Secondo il Jerusalem Post, non siamo di fronte a una guerra tra Mossad (contrario al JCPoA) e intelligence militare (favorevole al JCPoA) sul progetto nucleare iraniano, come sostiene il Yediot Aharonot, ma a una vera e propria cacofonia in seno alle due istituzioni. Sarebbe la divisione più profonda dell’establishment di sicurezza mai vissuta in Israele.
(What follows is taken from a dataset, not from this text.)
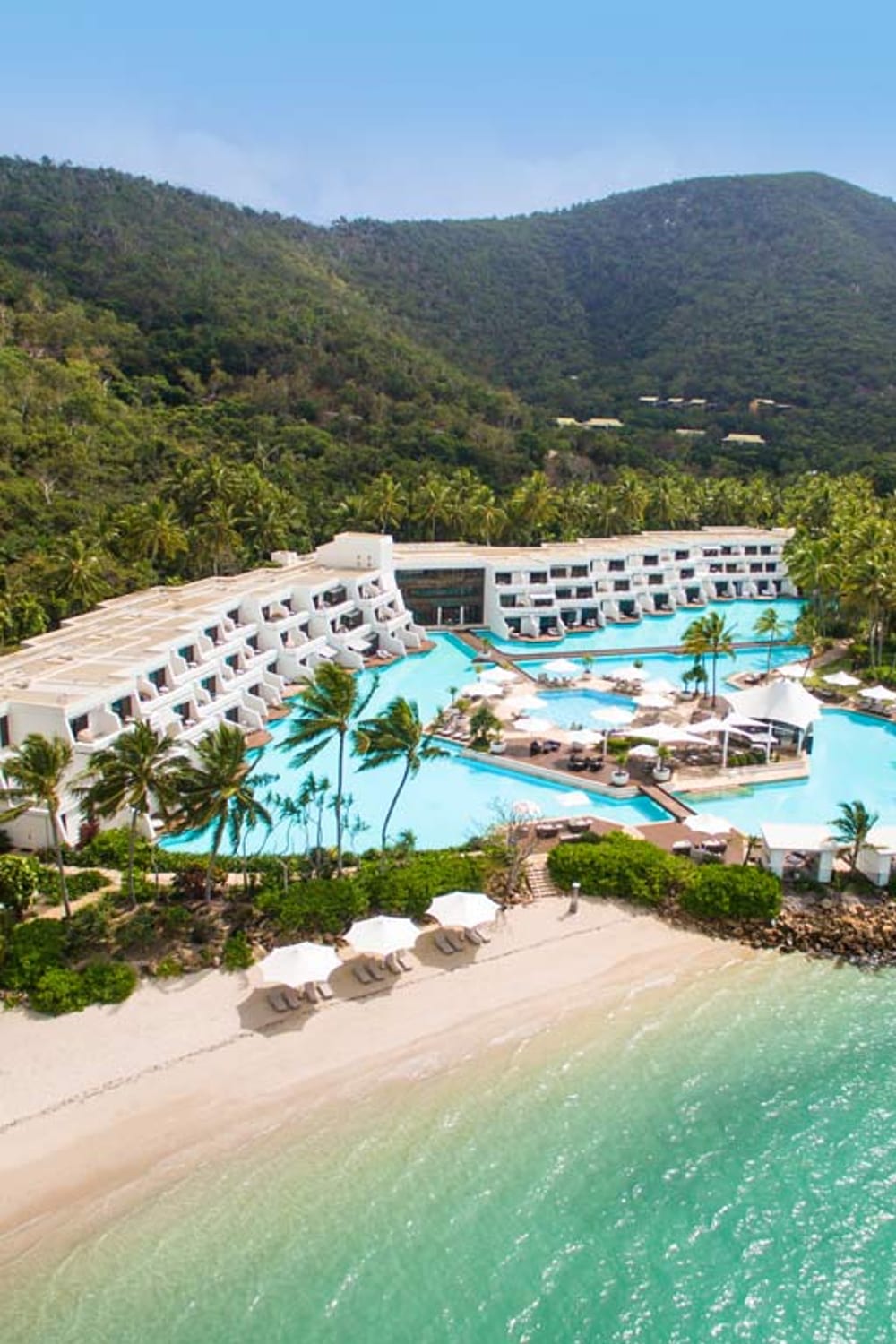 Hayman Island by InterContinental, a saltwater pool in Hayman Island, Queensland, Australia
In concomitanza con l’annuncio della ripresa dei negoziati tra Stati Uniti e Iran in Qatar, il giornale classifica in questo modo le posizioni dei responsabili:

Classe politica
 Naftali Bennett: contro
 Yair Lapid: contro
 Benjamin Netanyahu: contro

IDF
 generale Aviv Kohavi, capo delle forze armate: contro
 generale Aaron Haliva, capo dell’intelligence militare: a favore
 Gadi Eisenkot, ex capo delle forze armate: contro
 Dror Shalom, ex capo degli analisti militari: contro
 Amos Yadlin, ex capo dell’intelligence di Tsahal: contro

Mossad
 David Barnea, direttore generale: contro
 Yossi Cohen, ex direttore generale: contro
 Yossi Kuperwasser, ex direttore degli analisti: contro
 Yaakov Amidror, ex segretario del Consiglio di Sicurezza Nazionale: contro
 Efrayim Halevy, ex direttore generale: a favore
 Tamir Pardo, ex direttore generale: a favore
 Shabtai Shavit, ex direttore generale: a favore
 Danny Yatom, ex direttore generale: a favore
 Sima Shine, ex capo del settore Iran: a favore.

« Iran deal results: Mossad vs. Mossad, IDF vs. IDF - analysis », Yonah Jeremy Bob, Jerusalem Post, June 27, 2022.